> _WORK ITEM_
Here are the records. Write out exactly the lines between the one holding "Moonlit Rabbit City" and the one holding "Szwajcarski, elegancki zegarek", inclusive.
-- RECORDS FOR THIS EXERCISE follows --
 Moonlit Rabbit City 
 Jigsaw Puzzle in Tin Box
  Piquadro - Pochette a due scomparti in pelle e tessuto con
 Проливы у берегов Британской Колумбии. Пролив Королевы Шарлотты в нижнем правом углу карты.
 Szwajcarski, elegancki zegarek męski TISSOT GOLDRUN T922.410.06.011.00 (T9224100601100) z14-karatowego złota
-- RECORDS FOR THIS EXERCISE concluded --
-- RECORDS FOR THIS EXERCISE follows --
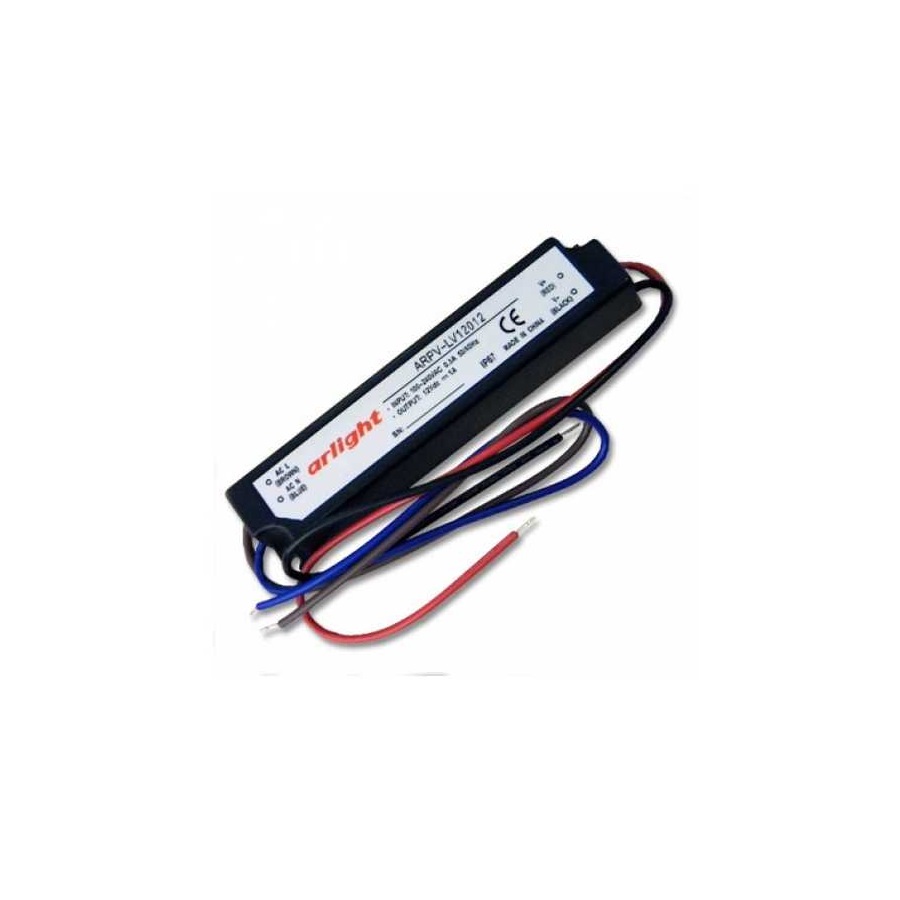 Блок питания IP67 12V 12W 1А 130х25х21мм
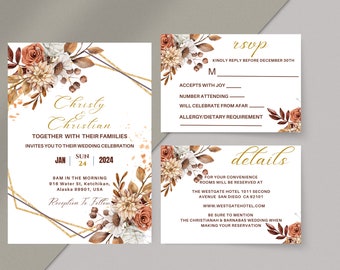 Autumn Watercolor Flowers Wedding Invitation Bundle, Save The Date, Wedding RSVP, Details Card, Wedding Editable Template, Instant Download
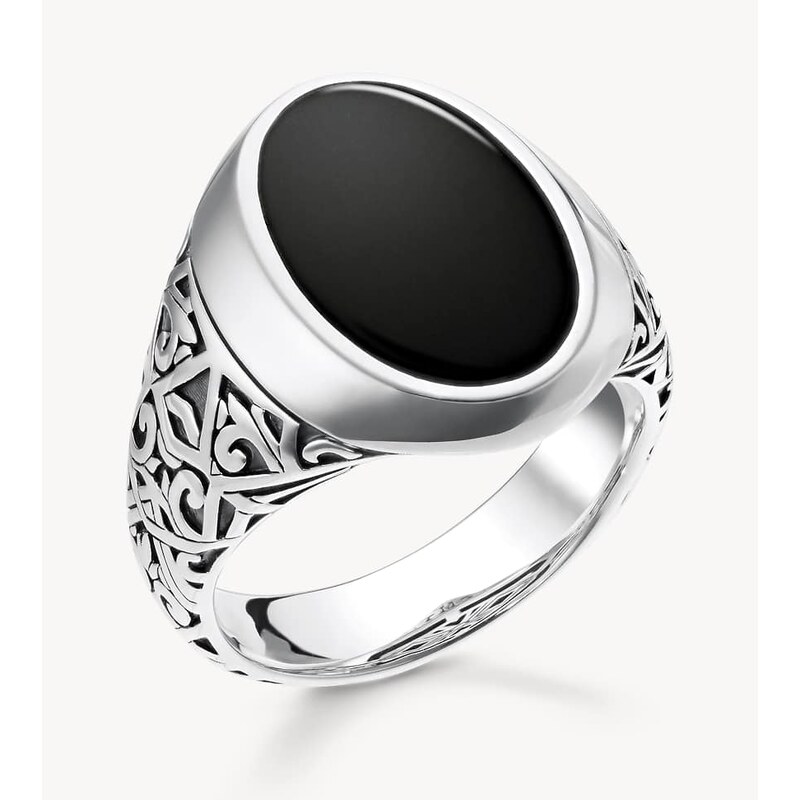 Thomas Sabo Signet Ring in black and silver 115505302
-- RECORDS FOR THIS EXERCISE concluded --
> _WRITTEN SOLUTION_
 Moonlit Rabbit City 
 Jigsaw Puzzle in Tin Box
  Piquadro - Pochette a due scomparti in pelle e tessuto con
 Проливы у берегов Британской Колумбии. Пролив Королевы Шарлотты в нижнем правом углу карты.
 Szwajcarski, elegancki zegarek męski TISSOT GOLDRUN T922.410.06.011.00 (T9224100601100) z14-karatowego złota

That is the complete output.